Anyone who’s ever gone trick-or-treating (sorry Jehovah’s Witnesses, you’ll just have to use your imaginations) has likely heard the various tales breathlessly told about tainted candy passed off to unsuspecting children. Although these ghastly stories of stranger-danger are myriad, chief among them in its capacity to fascinate and horrify the public consciousness is the legend of the razor blade hidden in an apple.
As a child, you were no doubt admonished never to eat an apple received while trick-or-treating (which ignores entirely the fact that anyone who gives out apples to kids on Halloween is already demonstrably ill), as psychos were believed to have developed some new-fangled technology for inserting a blade into the fruit without marring its skin.

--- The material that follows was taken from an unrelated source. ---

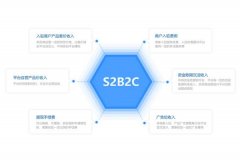 未来10年新商业发展模式S2B2C模式，贵州网络推广公司浅谈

The tales weren’t limited to blades of course, but encompassed a variety of poking and piercing implements, including syringes. Although this rumor has persisted since the 1960s (and before that in the form of poisoned rather than bladed candy), it has never been true. Never, ever, ever. Never.
That is, it was never true until 2000, when Minneapolis-based douchebag James Joseph Smith decided to breathe life into the old tale by hiding needles in the candy bars he would give to trick-or-treaters. He was jailed after at least one child was injured by the deadly confection. Not only was Smith able to transform an amusing urban legend into a terrifying reality, but he simultaneously reinforced Promethean Times‘ long-held conviction that Minnesotans are by far America’s most evil people.